## STORED DATA
────

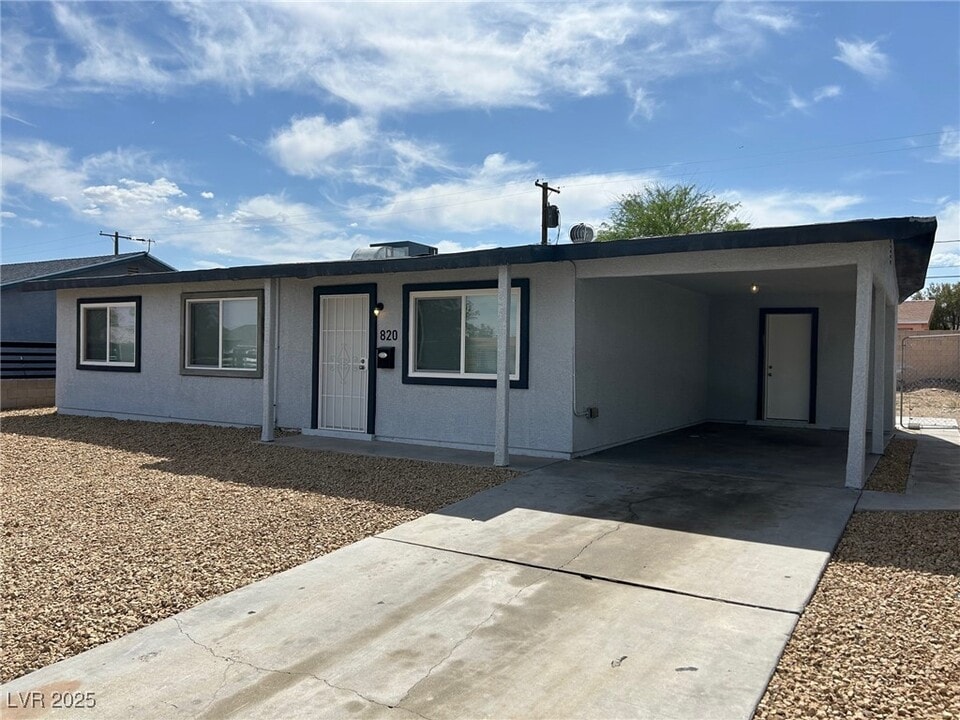 820 Carpenter Dr in Las Vegas, NV - Building Photo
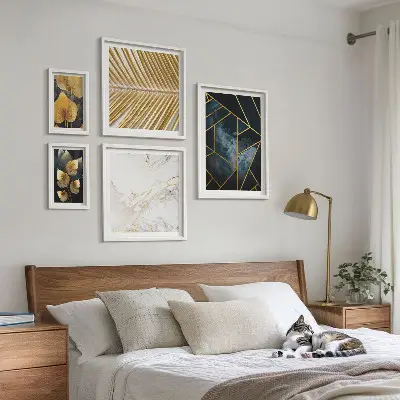 Billedsæt til væg over sofa med stilfulde blade og geometriske motiver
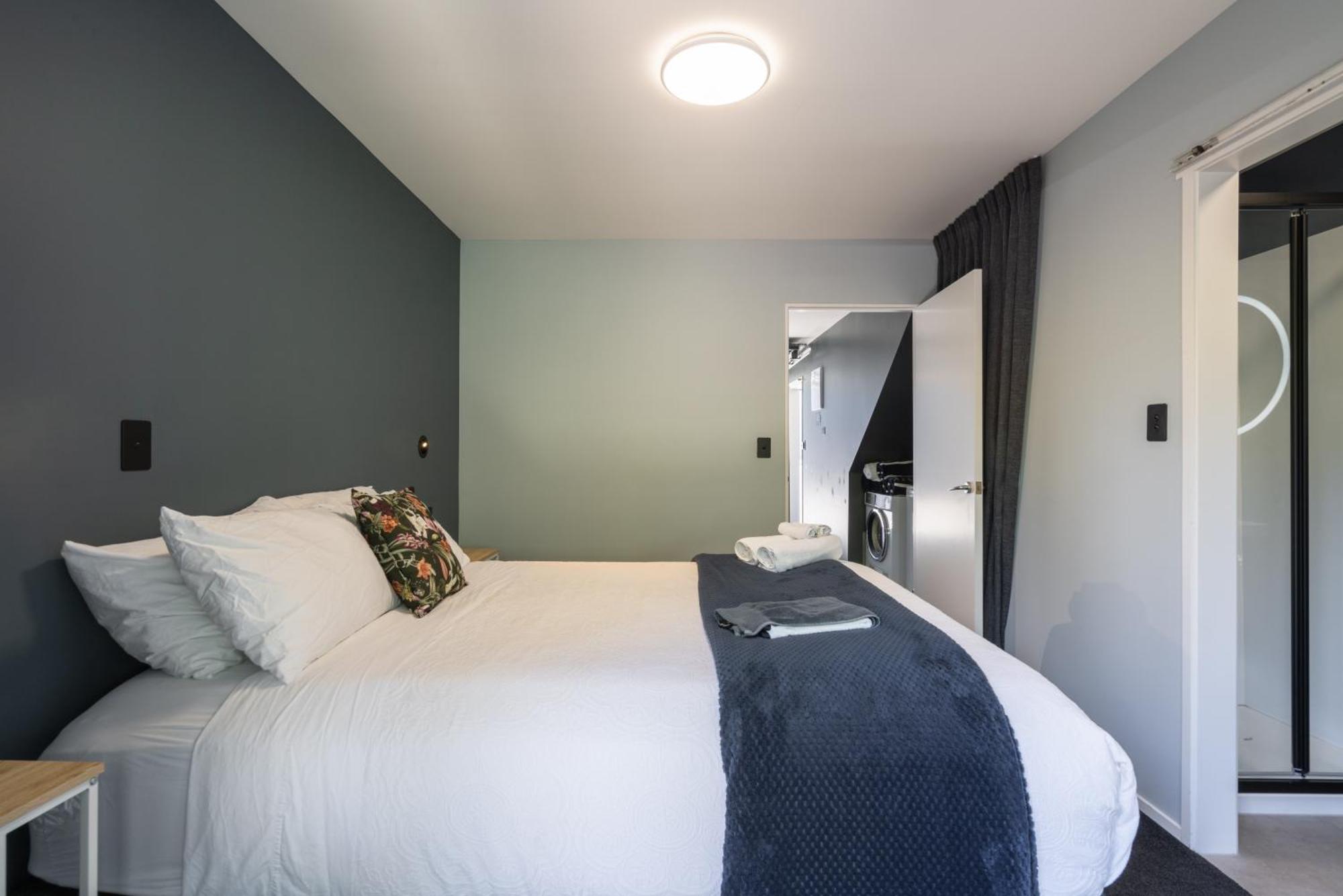 Spacious Near Cbd Pool Parking 3br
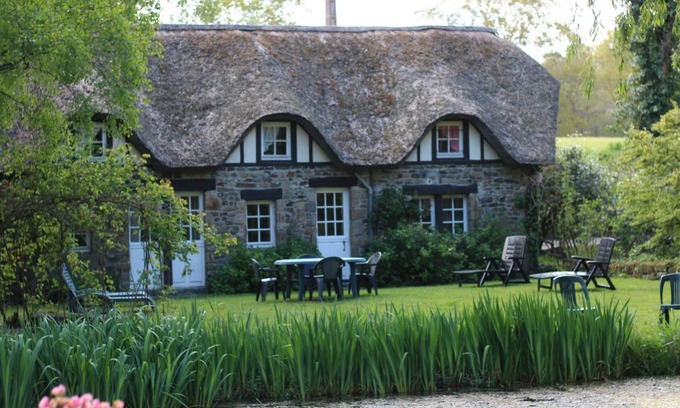 Jullouville Cottage | Charming 4-Person Cottage with Thatch Roof, Fireplace, Near Pond, Pet-Friendly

────

## WHAT TO WORK ON
Once the line with "Spacious Near Cbd Pool Parking 3br" is found, output it and every line after it through the end of the listing, exactly, without pictures.

## ANSWER FOR THE TASK
 Spacious Near Cbd Pool Parking 3br
 Jullouville Cottage | Charming 4-Person Cottage with Thatch Roof, Fireplace, Near Pond, Pet-Friendly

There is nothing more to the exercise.